==== SUPPLIED RECORDS

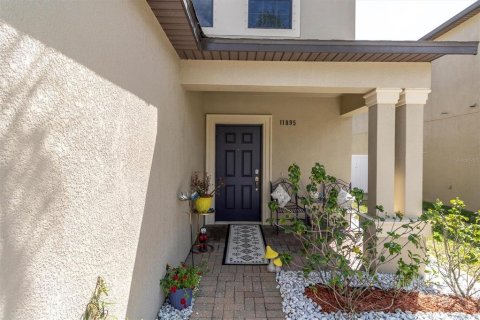 House in New Port Richey, Florida 3 bedrooms, 168.15 sq.m. № 1613677 - photo 6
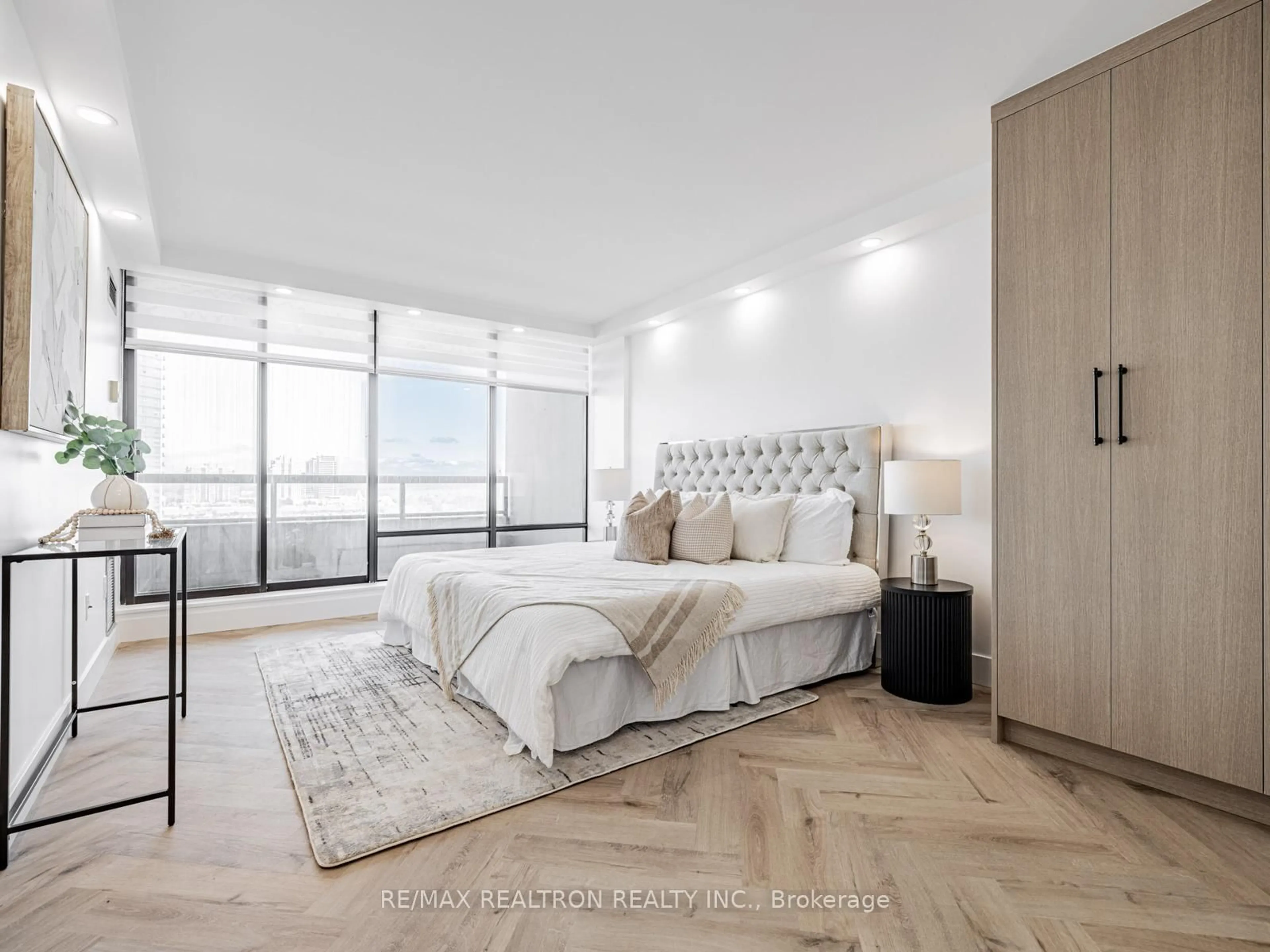 Bedroom with bed, unknown for 7420 Bathurst St #1611, Vaughan Ontario L4J 6X4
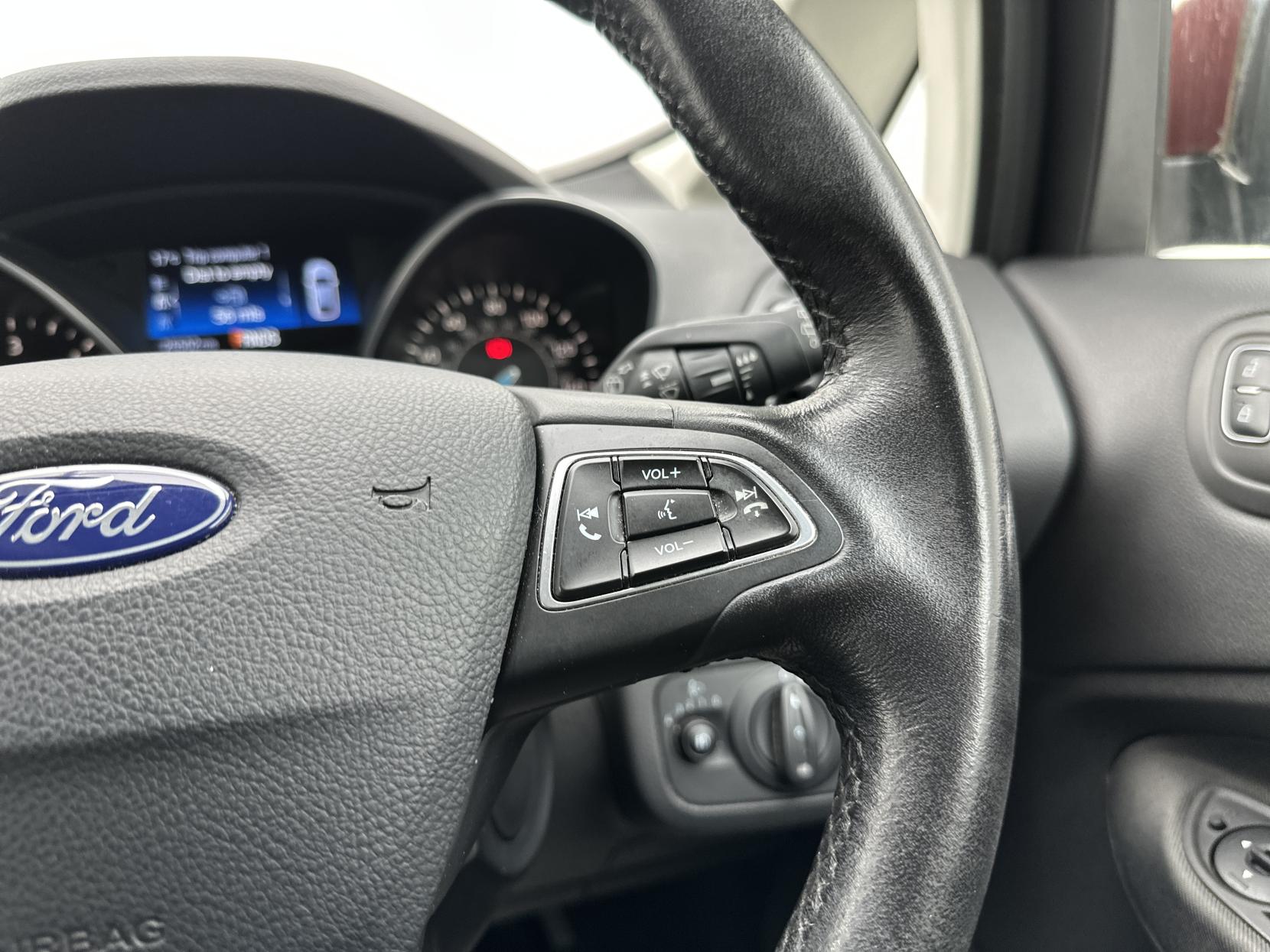 Ford C-Max 1.5 TDCi Titanium MPV 5dr Diesel Powershift Euro 6 (s/s) (120 ps)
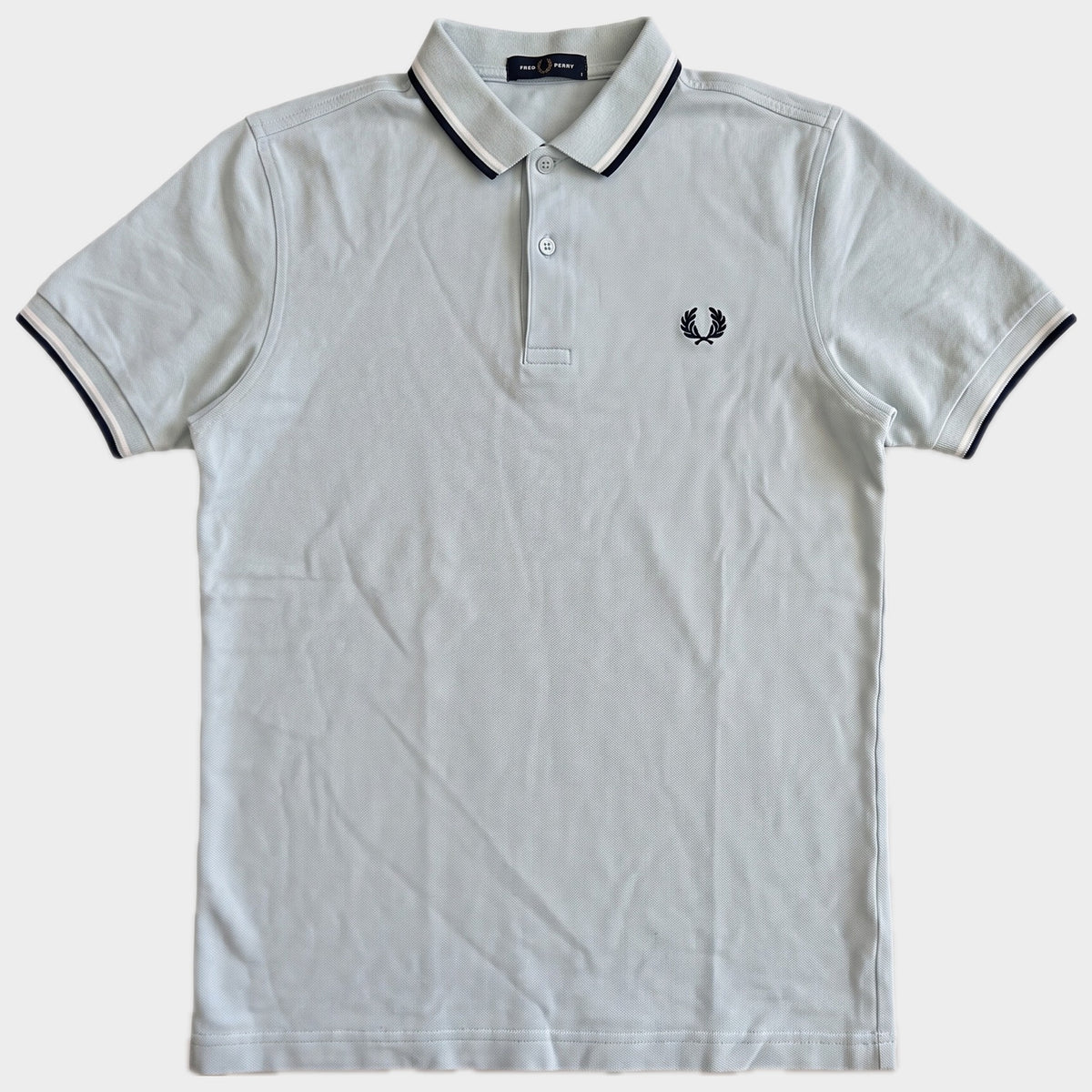 Glattes Liegefoto: Vintage Fred Perry Poloshirt (S) (KI-Aufbereitung, Zustand siehe echte Fotos)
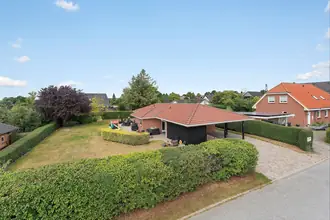 Villa på Bjørnholt 162, 8520 Lystrup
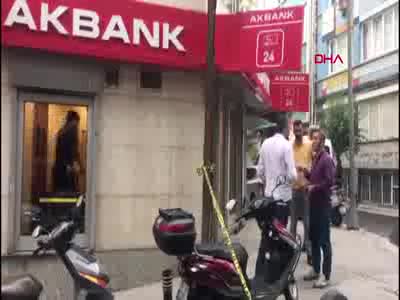 Banka soygunu! Güvenlik görevlisine ateş açıldı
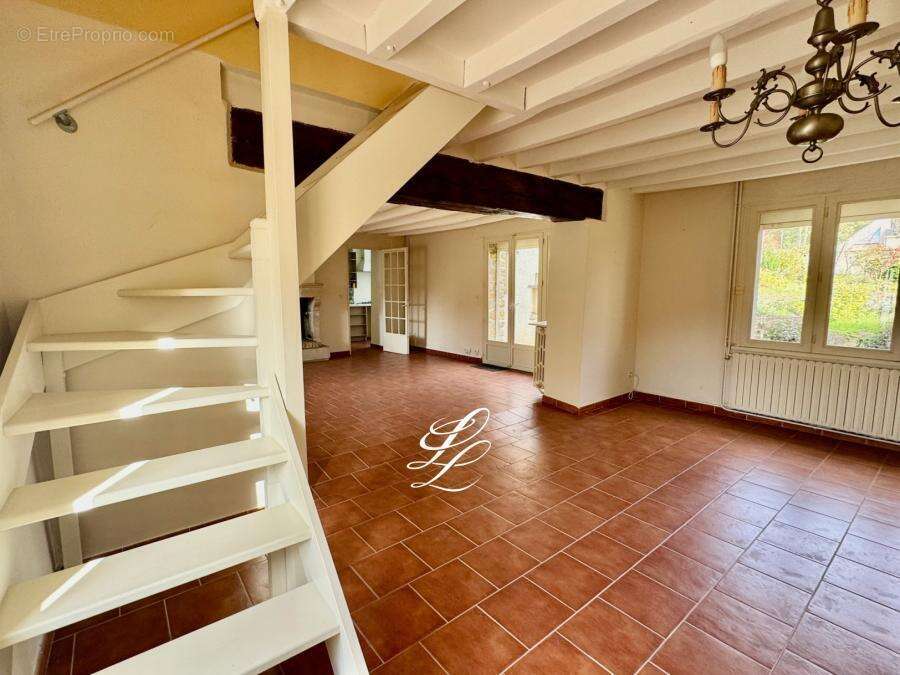 Maison à NEUVILLE-SUR-SARTHE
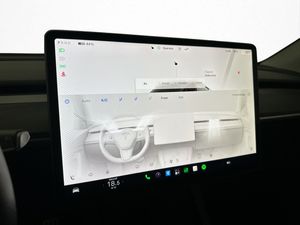 Tesla Model Y bild 24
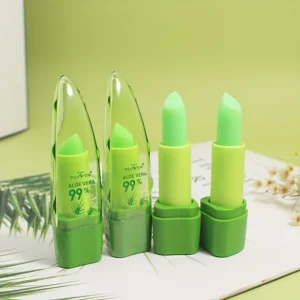 Aloe Vera lipstick funciona: Lábios lindos e atraentes com Lipstick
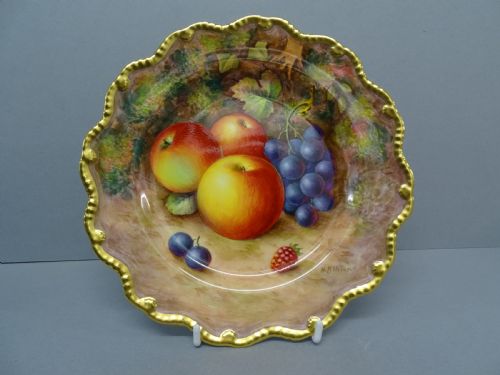 royal worcester ayrton star plate - CATEGORY: ANTIQUE PLATES - DATED 1960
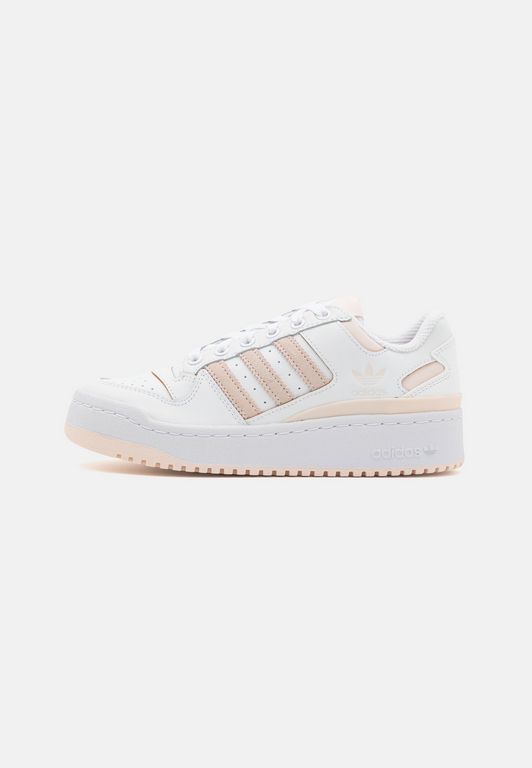 

Кеды женские Adidas AD111A2HC белые 41 1/3 EU, Белый, AD111A2HC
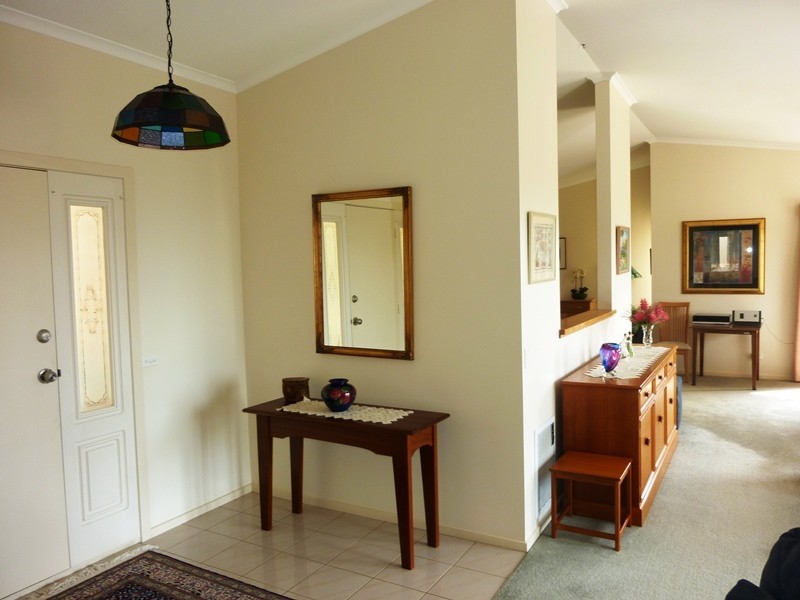 24 Golf Circuit, Tura Beach NSW 2548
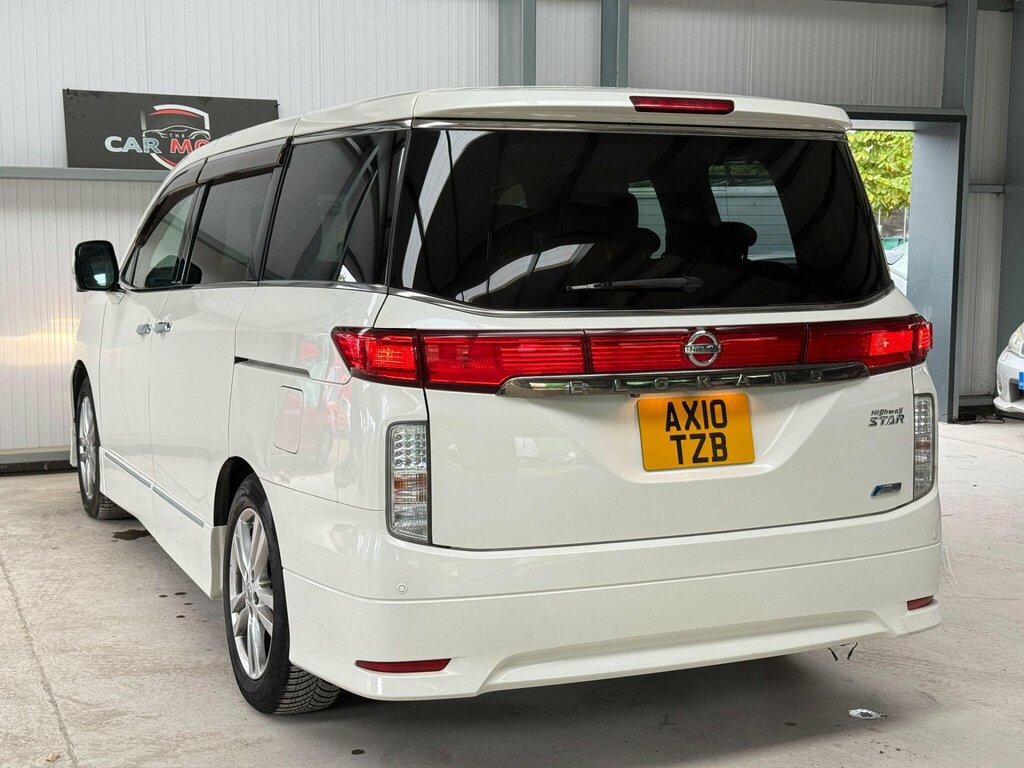Nissan Elgrand Petrol White #5
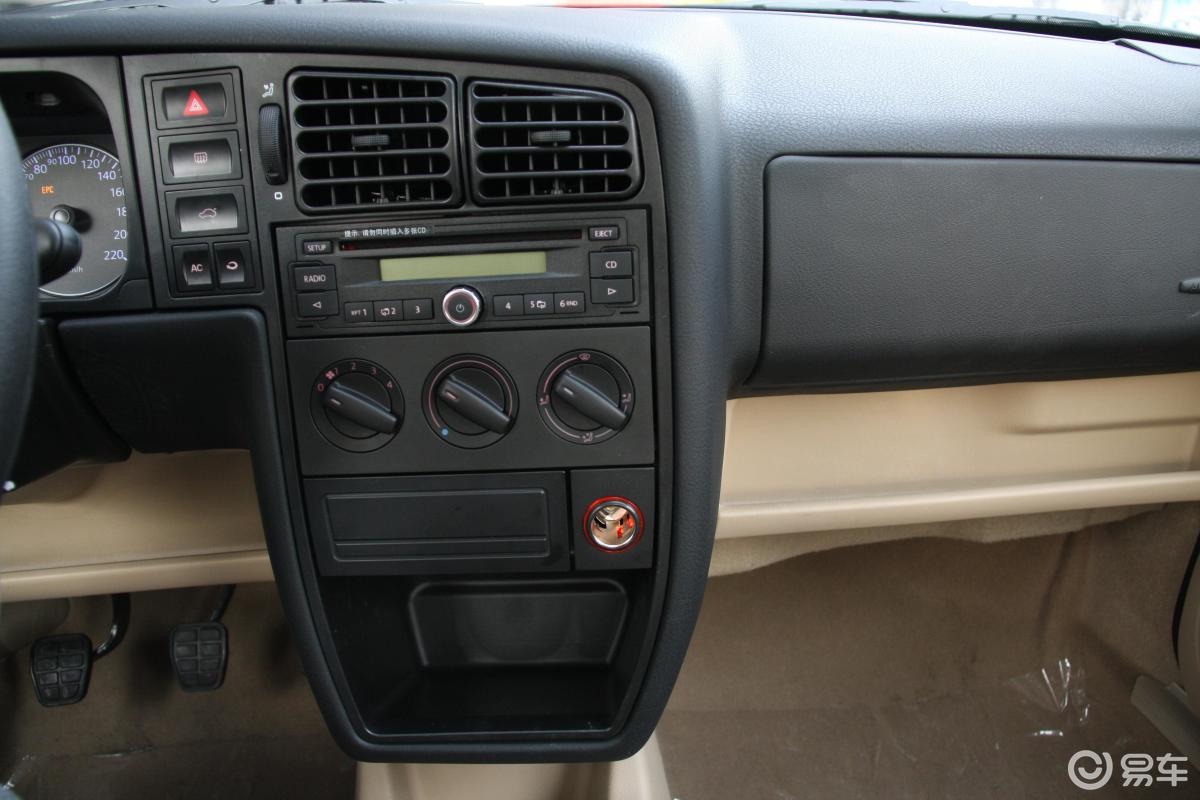 【捷达2010款前卫内饰汽车图片-汽车图片大全】-易车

========

## HOW TO COMPLETE THIS TASK
Reproduce all the records verbatim, excluding images.

## ANSWER FOR THIS EXERCISE
 House in New Port Richey, Florida 3 bedrooms, 168.15 sq.m. № 1613677 - photo 6
 Bedroom with bed, unknown for 7420 Bathurst St #1611, Vaughan Ontario L4J 6X4
 Ford C-Max 1.5 TDCi Titanium MPV 5dr Diesel Powershift Euro 6 (s/s) (120 ps)
 Glattes Liegefoto: Vintage Fred Perry Poloshirt (S) (KI-Aufbereitung, Zustand siehe echte Fotos)
 Villa på Bjørnholt 162, 8520 Lystrup
 Banka soygunu! Güvenlik görevlisine ateş açıldı
 Maison à NEUVILLE-SUR-SARTHE
 Tesla Model Y bild 24
 Aloe Vera lipstick funciona: Lábios lindos e atraentes com Lipstick
 royal worcester ayrton star plate - CATEGORY: ANTIQUE PLATES - DATED 1960

Кеды женские Adidas AD111A2HC белые 41 1/3 EU, Белый, AD111A2HC
 24 Golf Circuit, Tura Beach NSW 2548
Nissan Elgrand Petrol White #5
 【捷达2010款前卫内饰汽车图片-汽车图片大全】-易车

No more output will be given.